CoCoa : An Encoder-Decoder Model for Controllable Code-switched Generation

Sneha Mondal
Shreya Pathak
Ritika Goyal
Preethi Jyothi
Proceedings of the 2018 Conference on Empirical Methods in Natural Language Processing, Abu Dhabi, December 7 - December 11, 2022

Abstract

Code-switching has seen growing interest in recent years as an important multilingual NLP phenomenon. Generating code-switched text for data augmentation has been sufficiently well-explored. However, there is no prior work on generating code-switched text with fine-grained control on the degree of code-switching and the lexical choices used to convey formality. We present CoCoa, an encoder-decoder translation model that converts monolingual Hindi text to Hindi-English code-switched text with both encoder-side and decoder-side interventions to achieve fine-grained controllable generation.
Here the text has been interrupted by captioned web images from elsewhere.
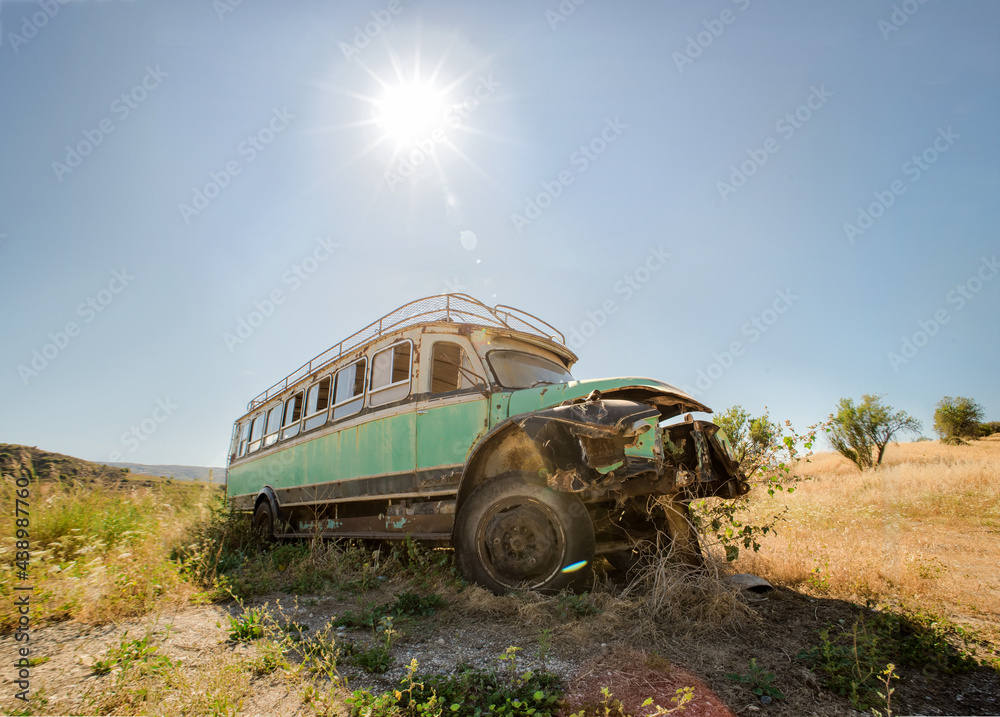 Abandoned Bedford village bus in rural landscape. Vintage transport backlit, lens flare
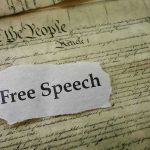 Radical Left Blamed—Bondi’s Bold Promise Old document with text Free Speech overlay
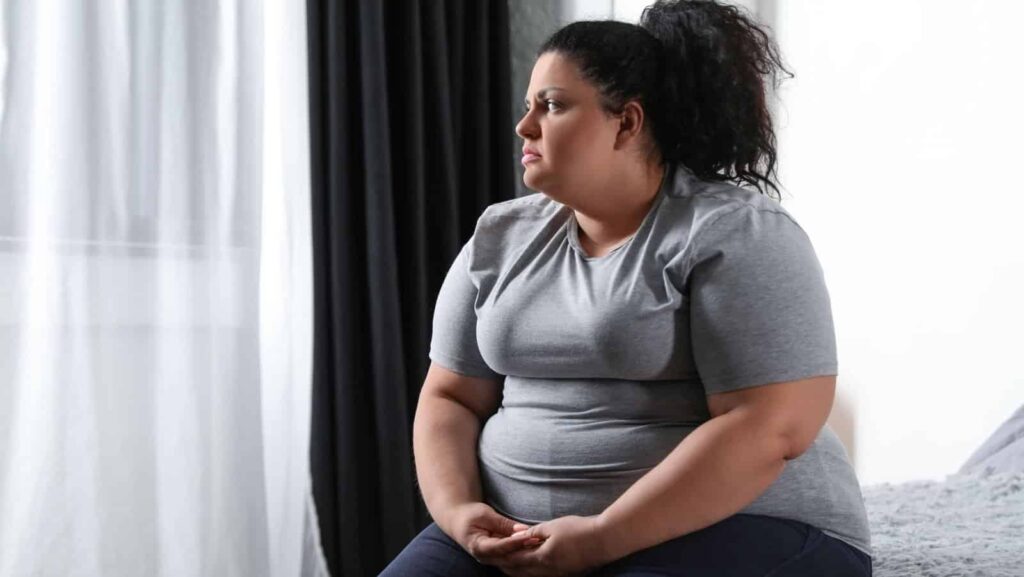 sad fat woman. New Africa via Shutterstock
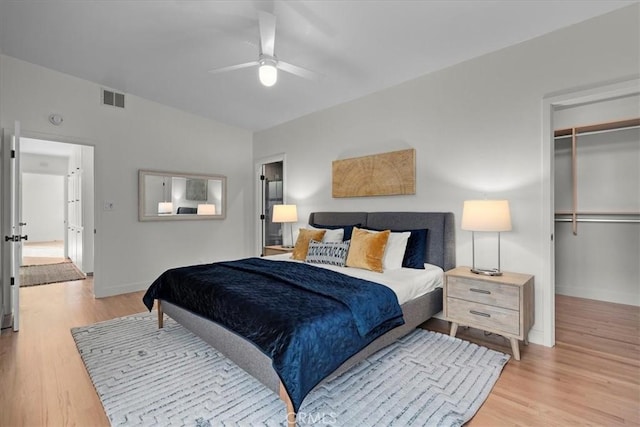 bedroom with vaulted ceiling, light hardwood / wood-style flooring, a spacious closet, ceiling fan, and a closet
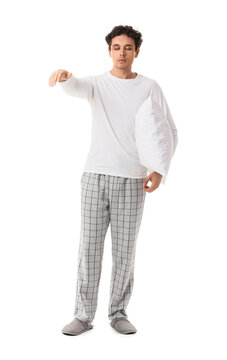 Young male sleepwalker with pillow isolated on white background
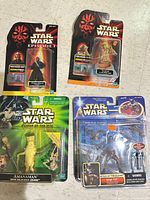 All four sealed Star Wars action figures displayed on floor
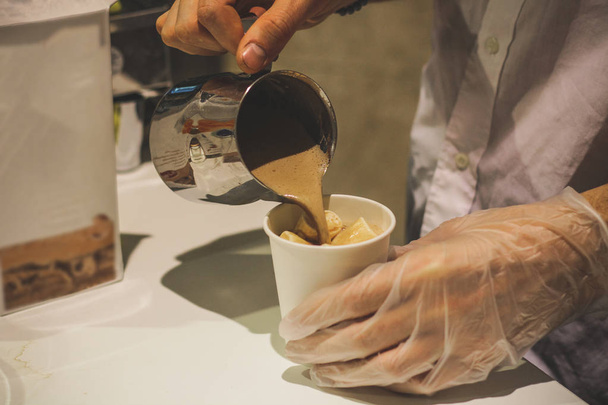Ein Mann bereitet Kakao zu, der Heißgetränk in Tassen mit weißen Marshmallows verschüttet. - Foto, Bild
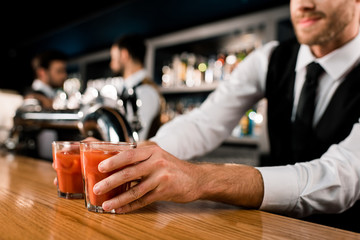 Bartender serving drinks in glasses on wooden counter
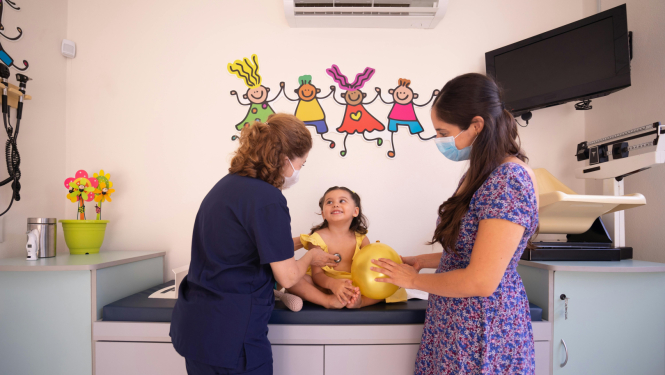 mamma violetā kleitā pie ārsta uz apksti ar mazu meitenīti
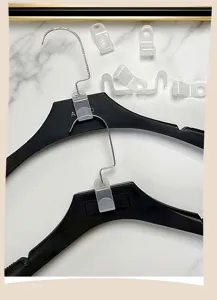 Plastic hanger connector hooks for vertical wardrobe space saving and closet organization.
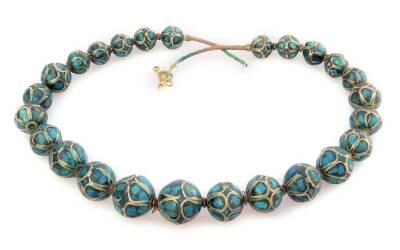 A Middle Eastern style necklace, with graduated design beads, each set with blue turquoise type coloured decoration, on wire necklace.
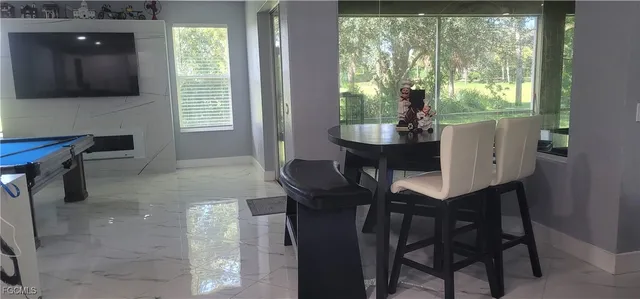 a living room with a fireplace and a flat screen tv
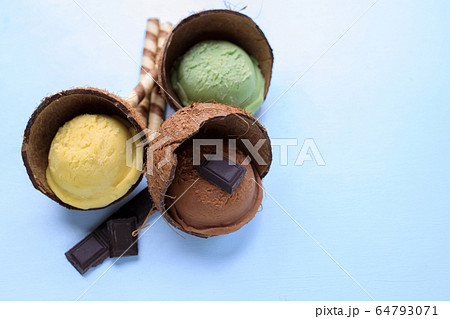 Vegetarian sorbet ice-cream scoop in coco shell Vegetarian sorbet ice-cream scoop in coco shell 64793071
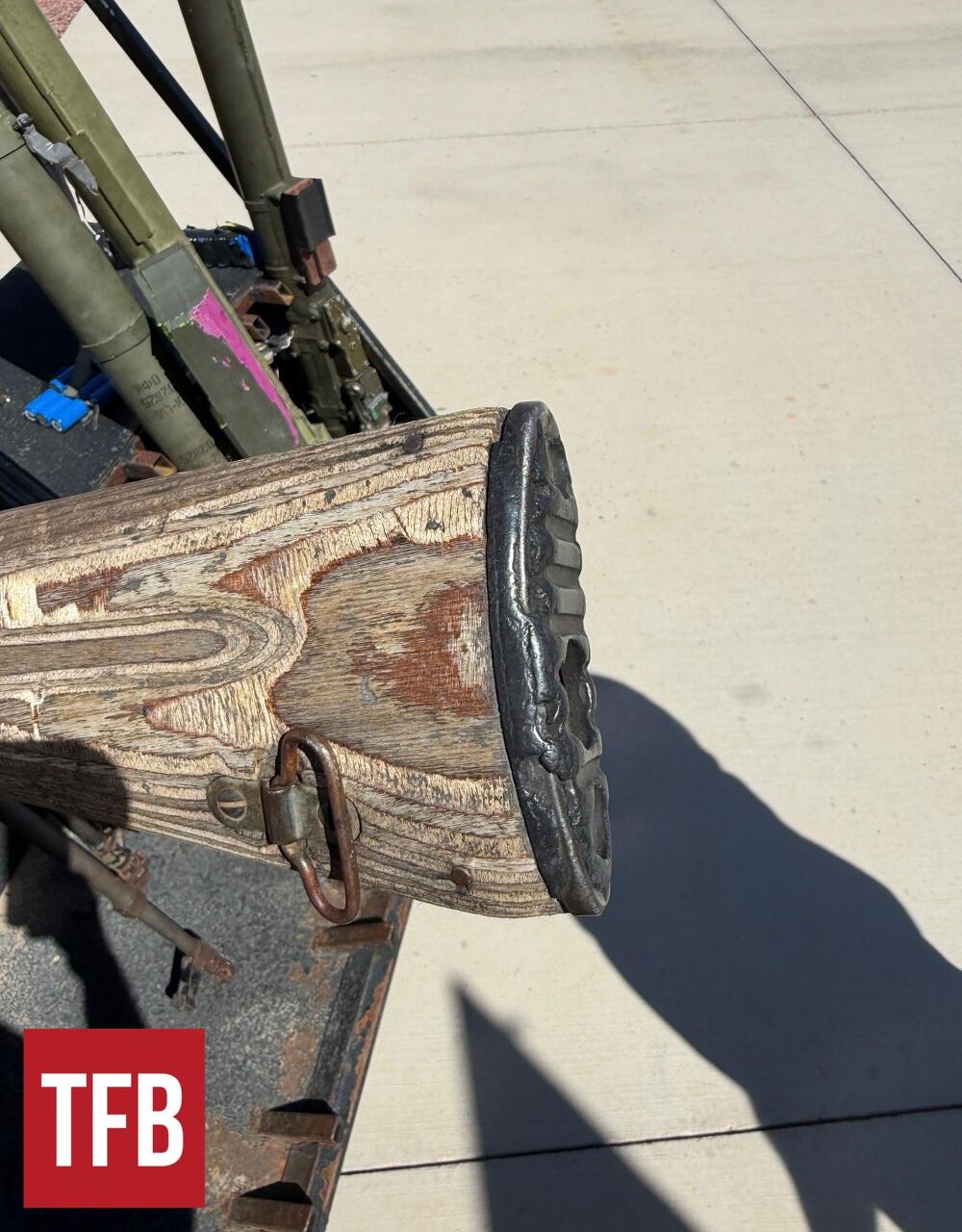 Early rubber buttpad that was quickly replaced with a steel bullet plate.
CoCoa can be invoked at test-time to synthesize code-switched text that is simultaneously faithful to syntactic and lexical attributes relevant to code-switching. CoCoa outputs were subjected to rigorous subjective and objective evaluations. Human evaluations establish that our outputs are of superior quality while being faithful to desired attributes. We show significantly improved BLEU scores when compared with human-generated code-switched references. Compared to competitive baselines, we show $10\%$ reduction in perplexity on a language modeling task and also demonstrate clear improvements on a downstream code-switched sentiment analysis task.